The first line of the entries and each line after it, through the one that contains "Burberry Small Haymarket", are to be duplicated exactly; no picture belongs in the copy.

** SOURCE INFORMATION follows **

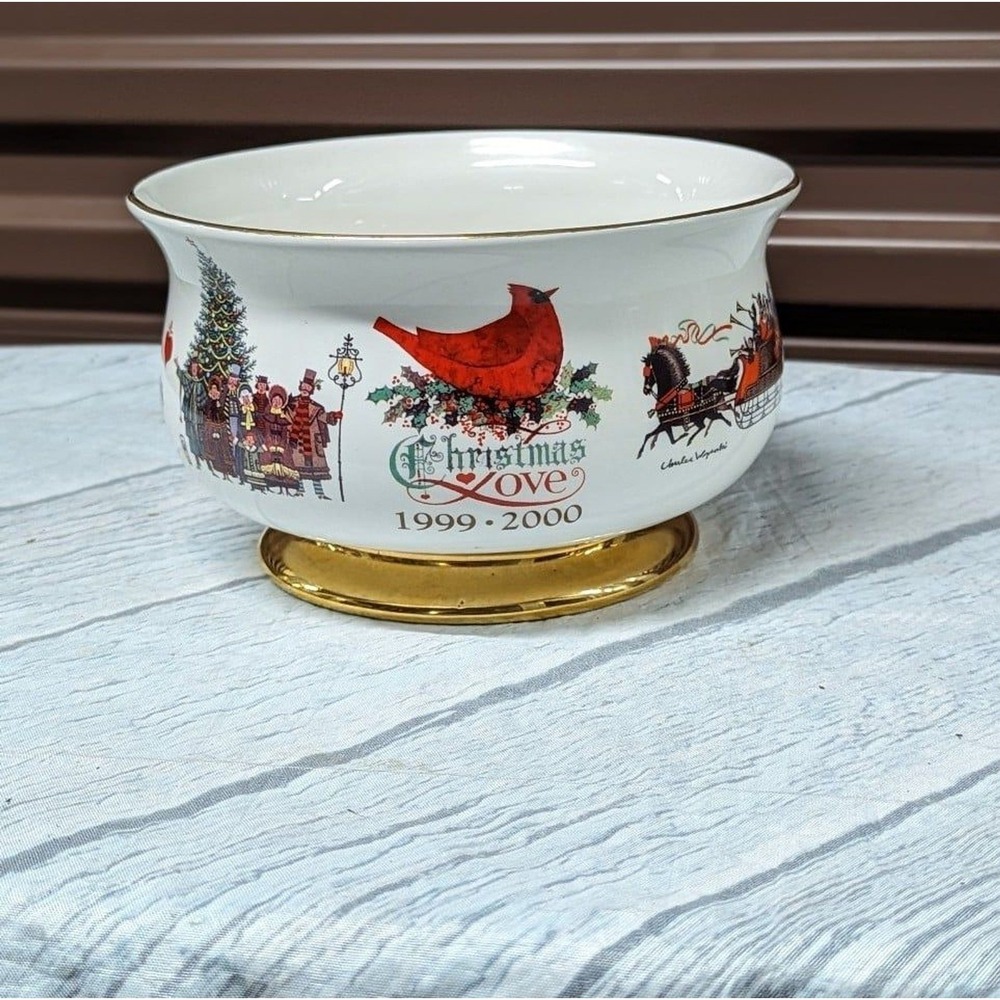 Vintage Teleflora Christmas Love 1999-2000 Cardinal Bowl Vase Millennium Decor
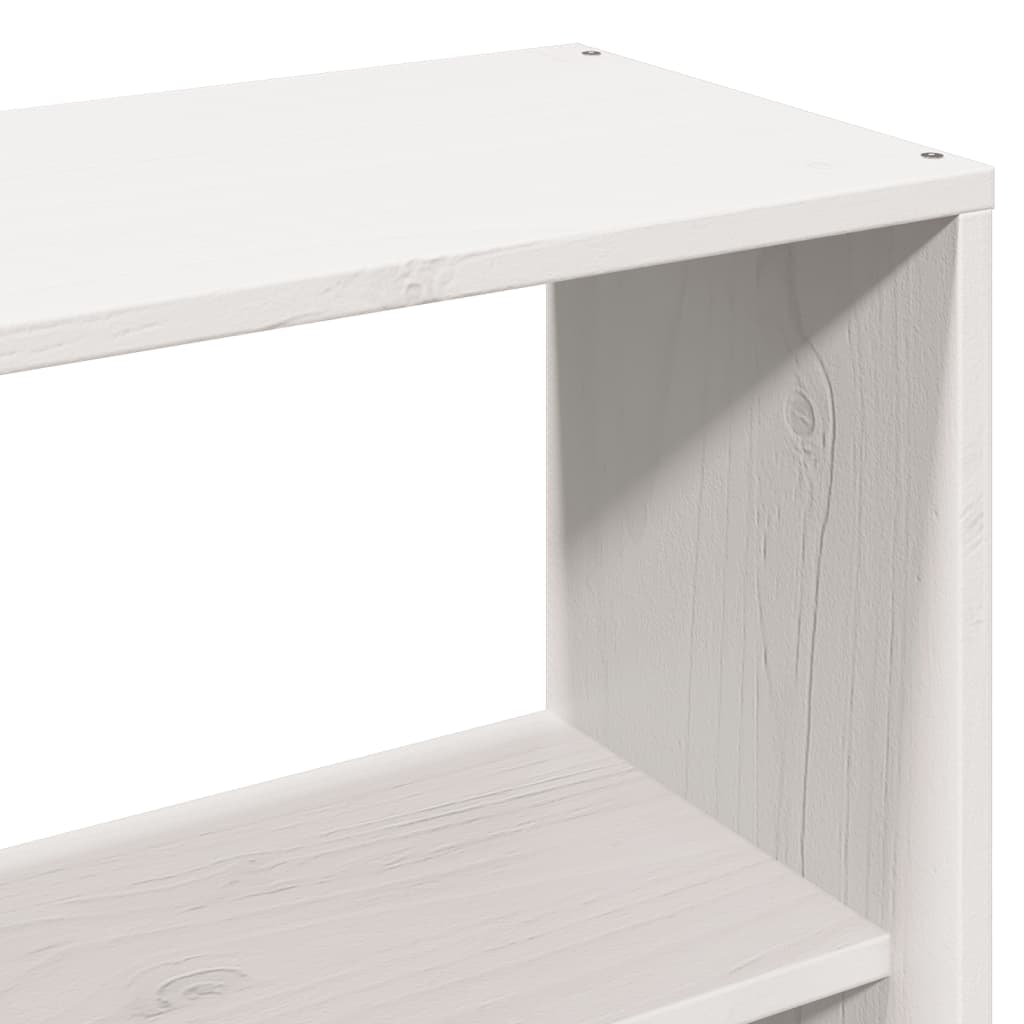 Krevet s regalom z knjige bez madraca bijeli 140x190cm borovina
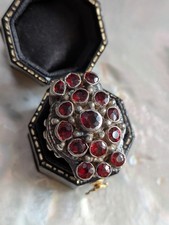Vintage Garnet Cluster Flower Ring, Yellow Gold-Tone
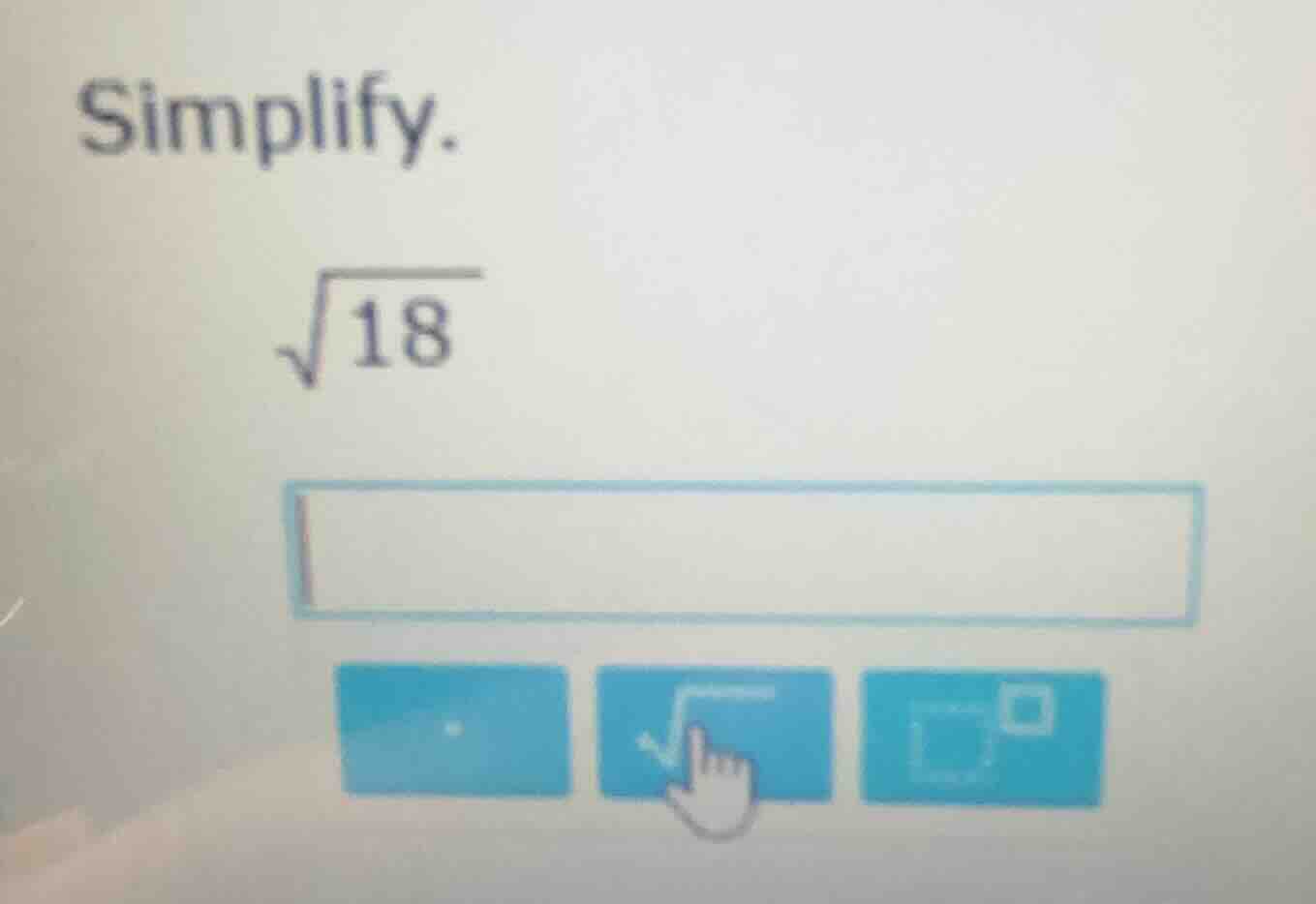 simplify. \\sqrt{18}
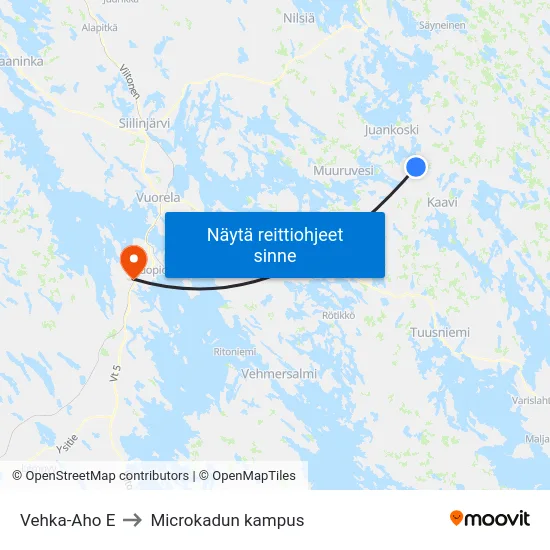 Vehka-Aho  E to Microkadun kampus map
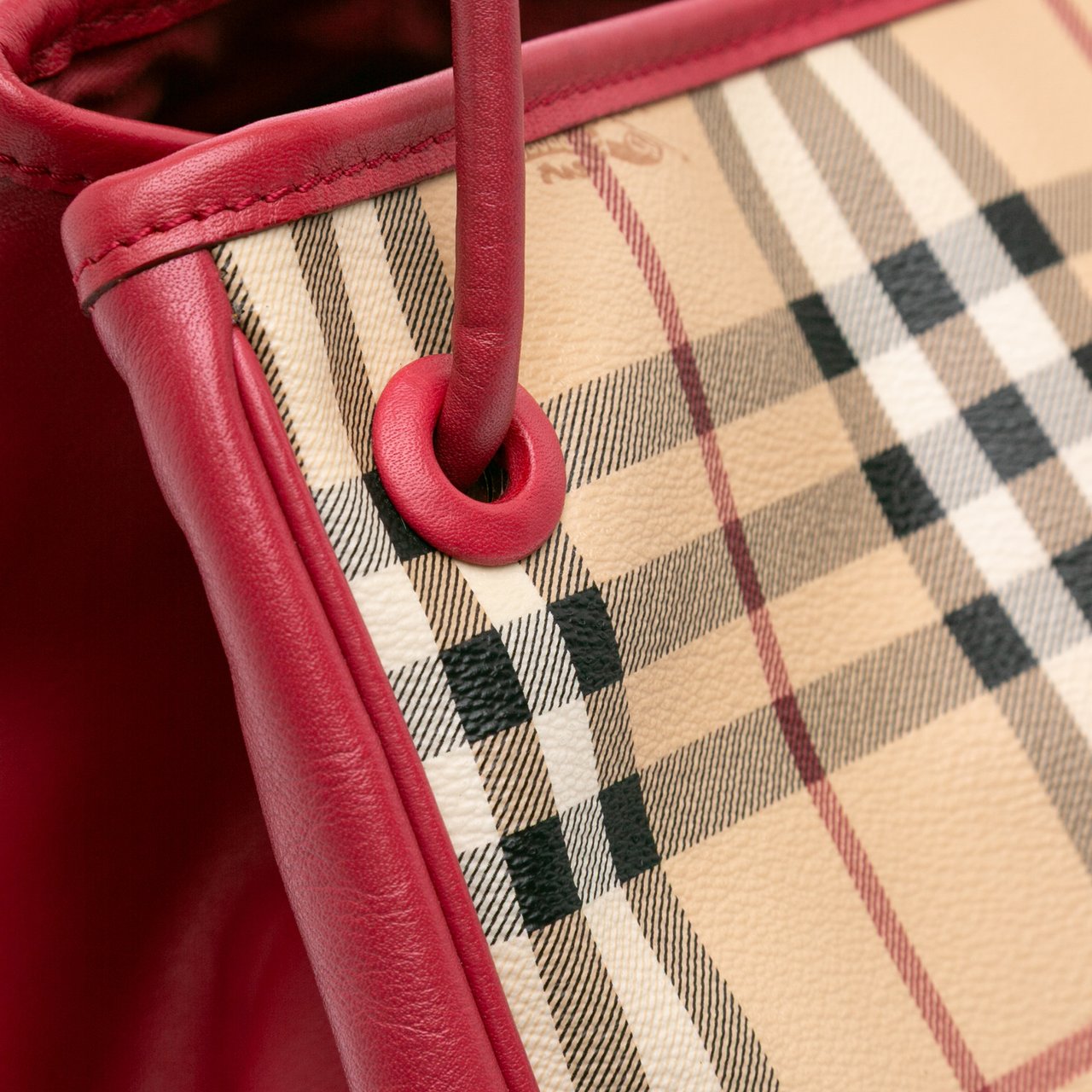 Burberry Small Haymarket Check Canvas Canterbury Tote Bruin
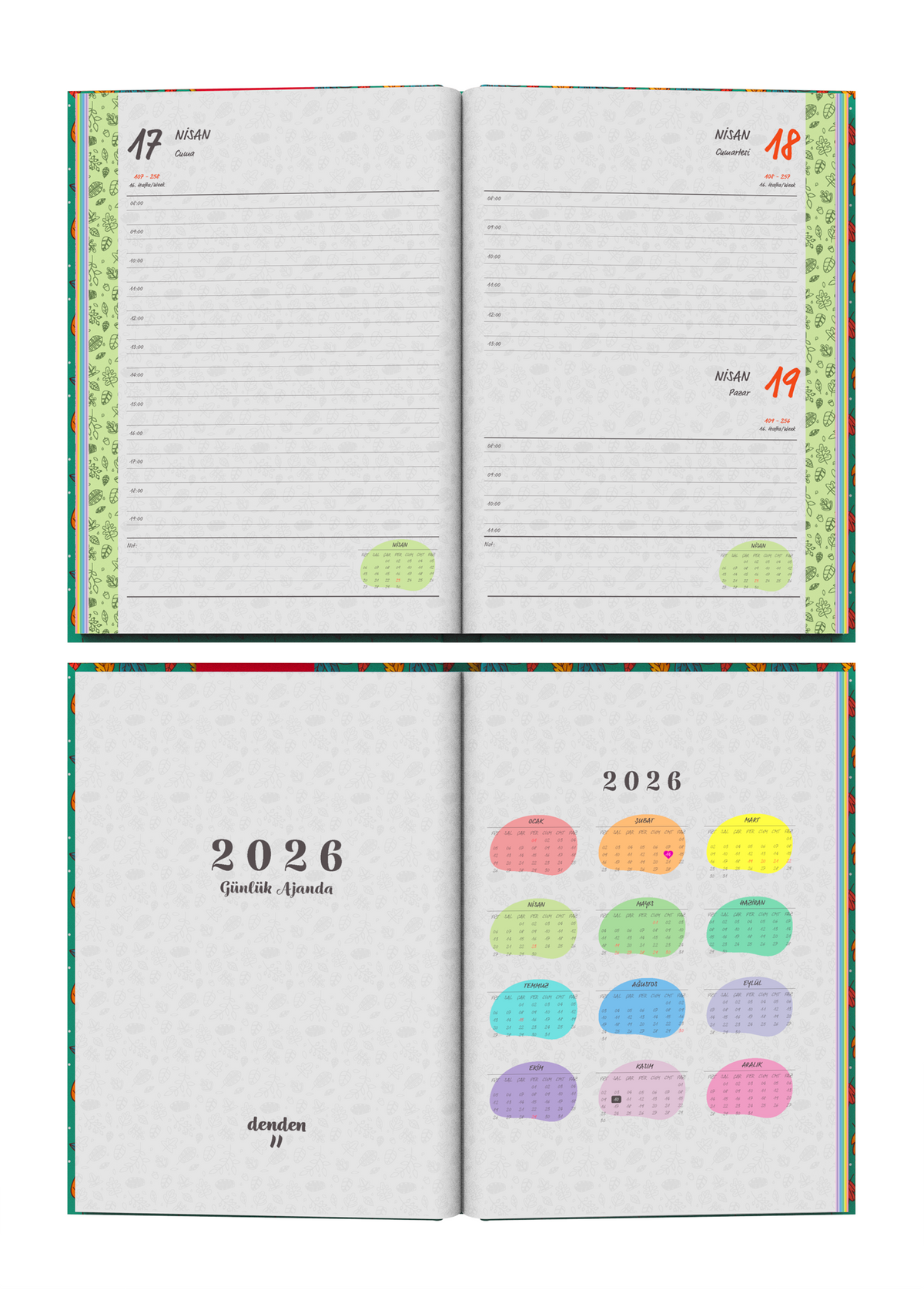 Denden 2026 Günlük Ajanda Yapraklar Yeşil - görünüm 3 / 6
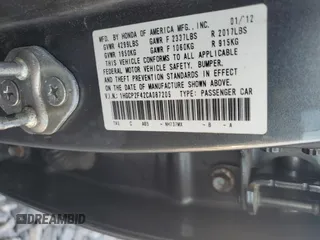 2012 Honda Accord LX Premium z VIN 1HGCP2F42CA087205, wystawiony jako Copart lot #58412965 z przebiegiem 61 729 mil mil oraz Szkoda całkowita • Salvage title. Historia ofert i sprzedaży dostępna na DreamBid. Obrazek 12.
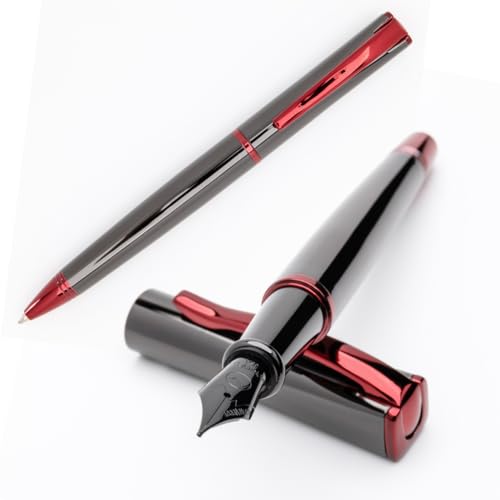 Monteverde USA Impressa Fountain Pen Gift Set (Gun Metal) Medium Nib + Bottled Ink - Premium Pen for Men & Women – Perfect for Office, Business, School, Gifts, Journaling, Autographs - Image 1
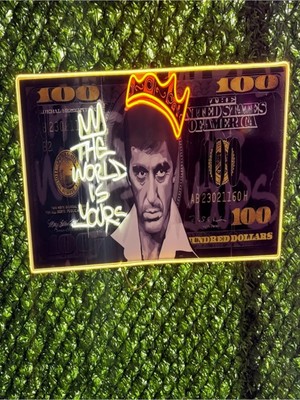 Dh Elektromarket Tony Montana Dolar Işıklı Neon Tablo 100X40 cm
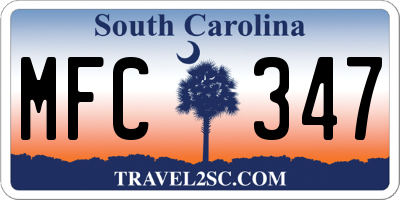 SC license plate MFC347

** End of SOURCE INFORMATION **

• **ANSWER BELOW**:
 Vintage Teleflora Christmas Love 1999-2000 Cardinal Bowl Vase Millennium Decor
 Krevet s regalom z knjige bez madraca bijeli 140x190cm borovina
Vintage Garnet Cluster Flower Ring, Yellow Gold-Tone
 simplify. \\sqrt{18}
 Vehka-Aho  E to Microkadun kampus map
 Burberry Small Haymarket Check Canvas Canterbury Tote Bruin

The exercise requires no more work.